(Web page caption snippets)
____________

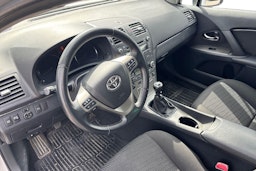 Hopea Toyota AVENSIS 2009 kuva 3.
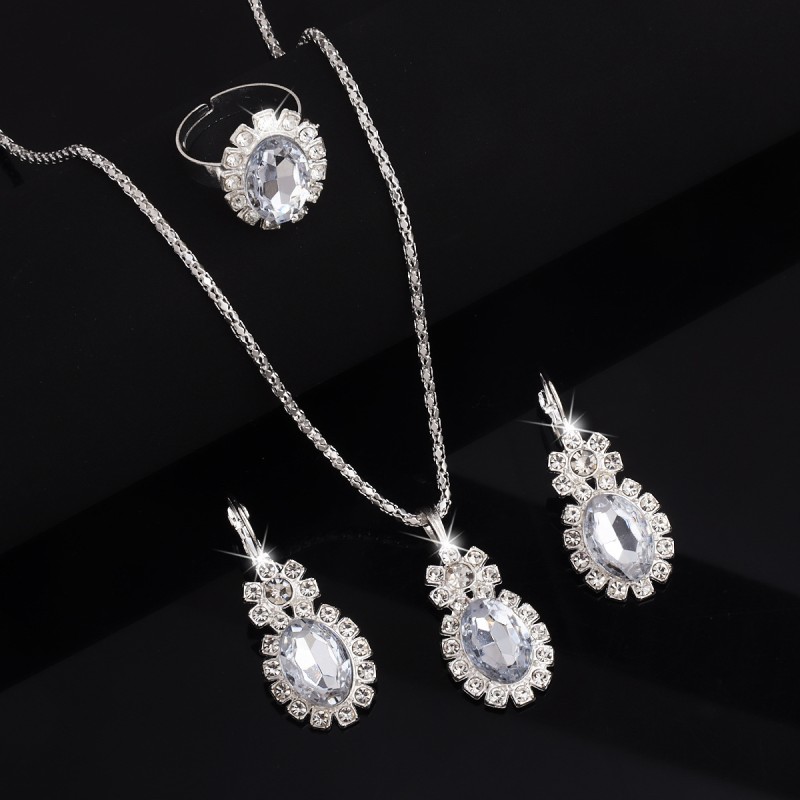 3-Piece Luxury Jewelry Set - Necklace, Earrings & Ring Diamond Bridal Set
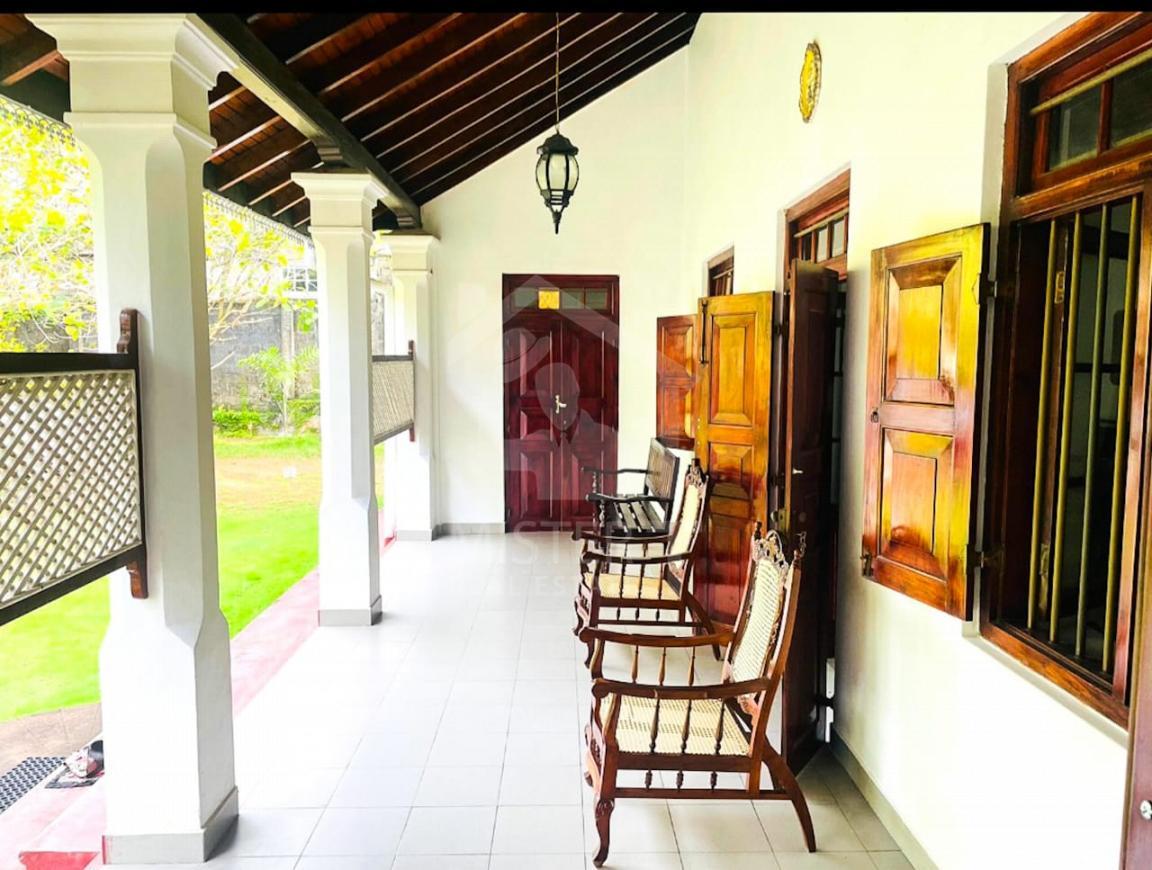 Colonial-Type House for Sale in Galle- image 3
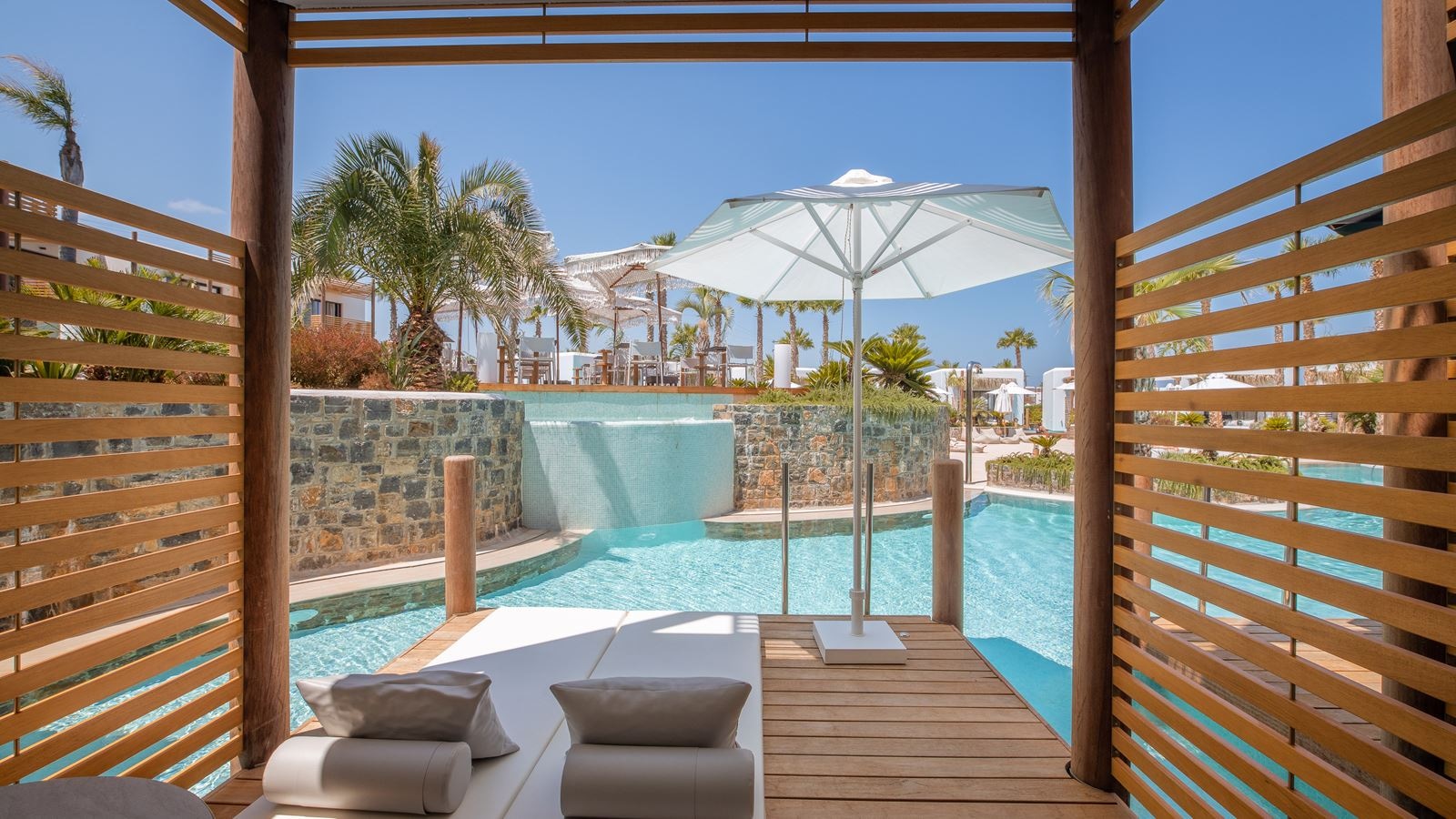 rooms-luxury-swim-up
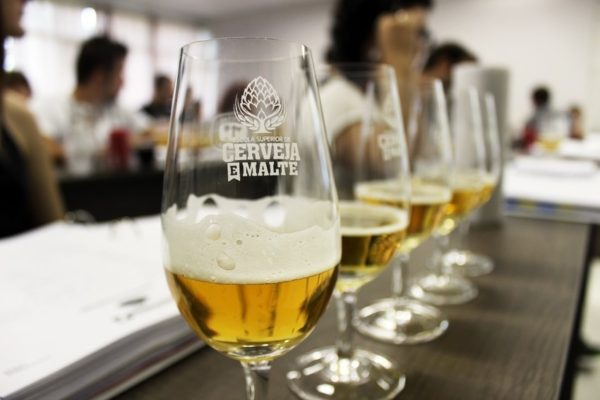 Escola Superior de Cerveja e Malte oferece cursos de a distância e faz lives durante a quarentena - Foto: Divulgação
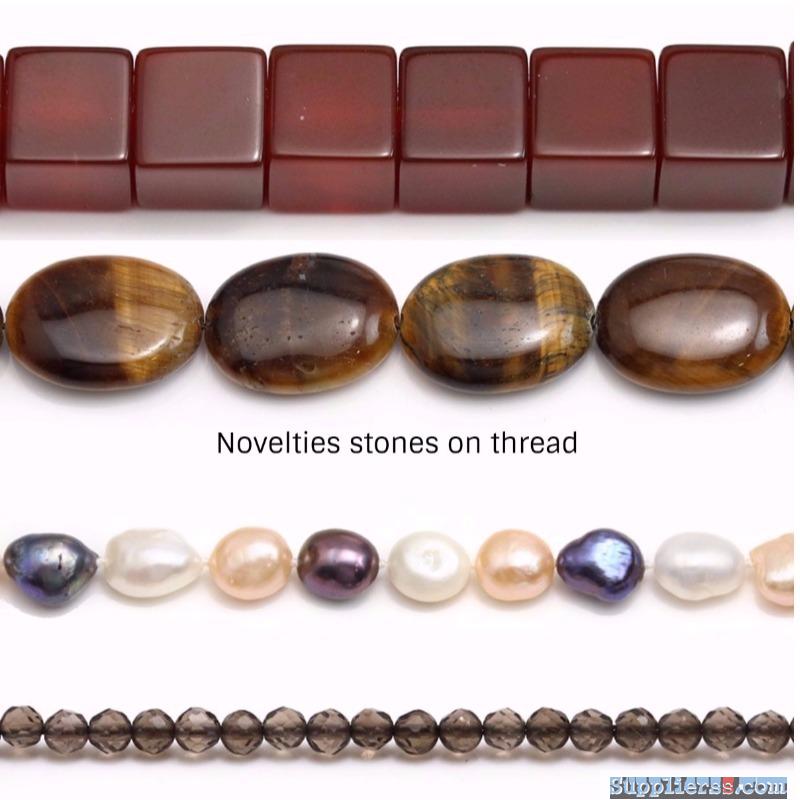 Novelties stones on thread shellbeads
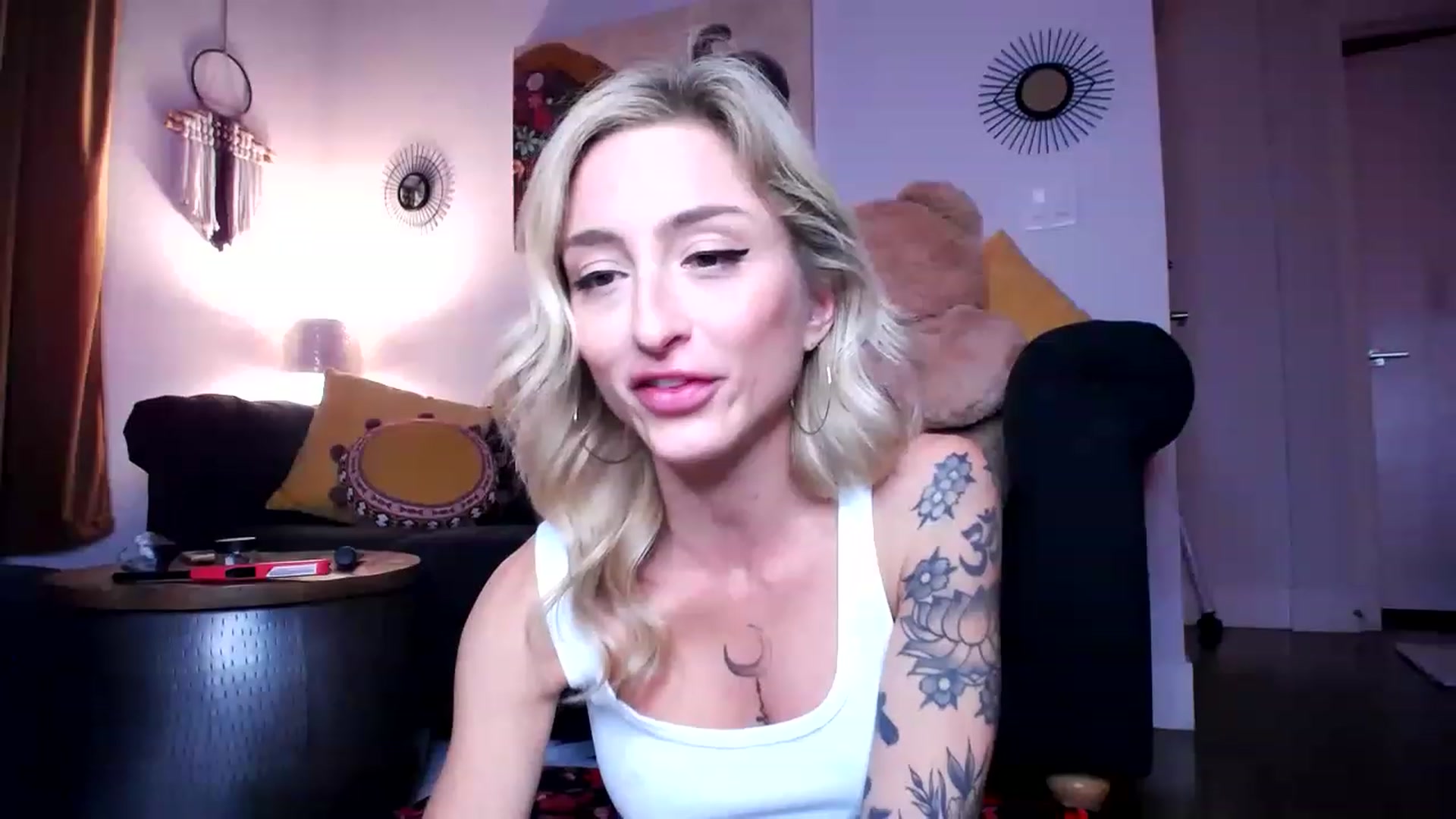 Gallery image thumbnail from KathrynMae's myfreecams stream on, 11/17/2022, 03:51 image 8 of 20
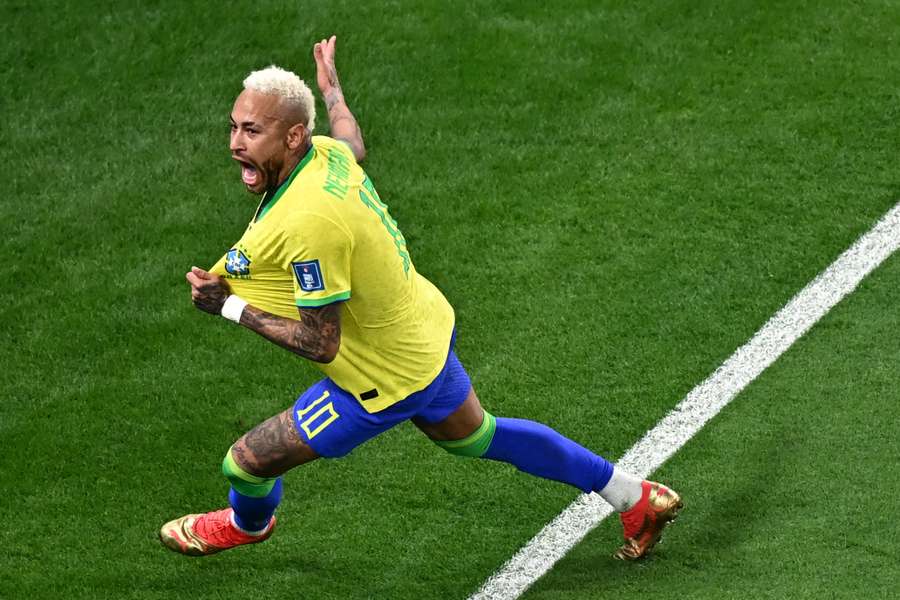 Neymar marcou à Croácia e chegou aos 77 golos pelo Brasil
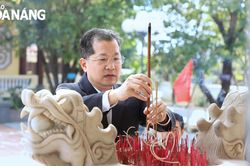 Bí thư Thành ủy Nguyễn Văn Quảng dâng hương tại các di tích lịch sử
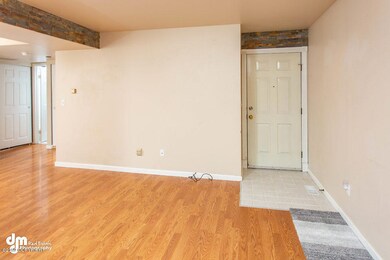 Living Room_DMD_0896-SMALL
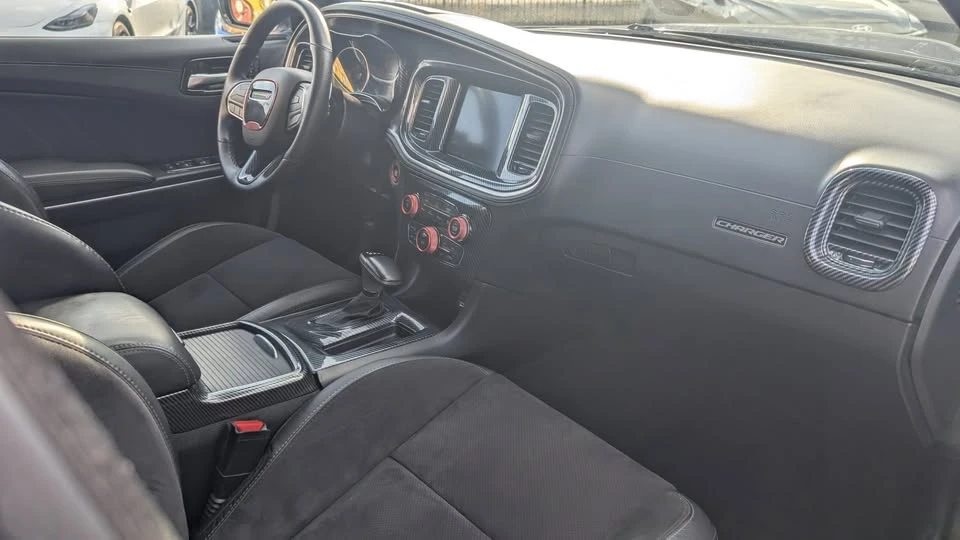 2020 Dodge Charger 7th Gen - Image 9 of 12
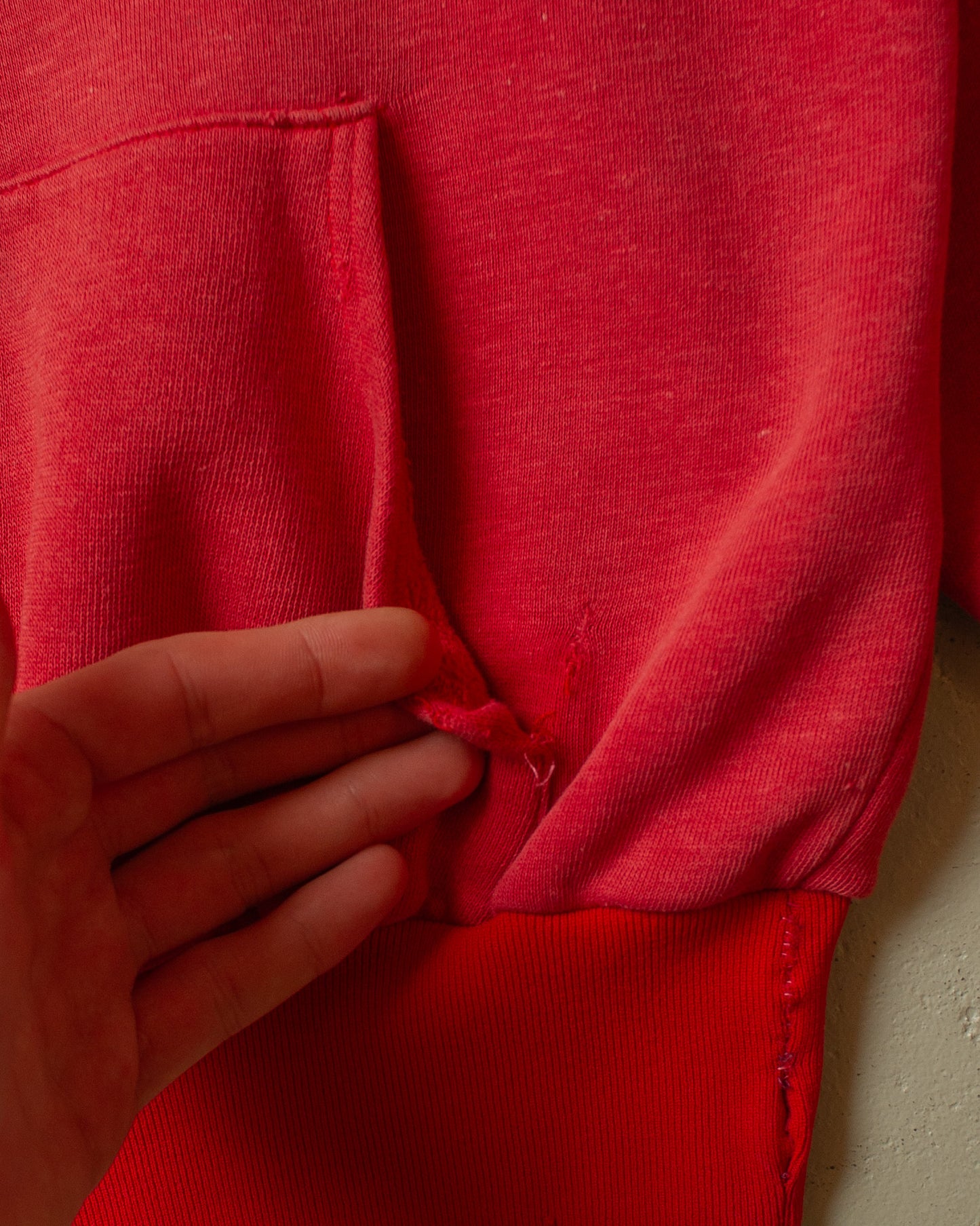 1970s Faded Two Tone Hoodie red - M/L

____________

#### [Description of the task]
Take the line with "Neymar marcou à" and every line after it through the end of the data, and write only them out exactly, leaving out the pictures.

#### [Written response]
 Neymar marcou à Croácia e chegou aos 77 golos pelo Brasil
 Bí thư Thành ủy Nguyễn Văn Quảng dâng hương tại các di tích lịch sử
 Living Room_DMD_0896-SMALL
 2020 Dodge Charger 7th Gen - Image 9 of 12
 1970s Faded Two Tone Hoodie red - M/L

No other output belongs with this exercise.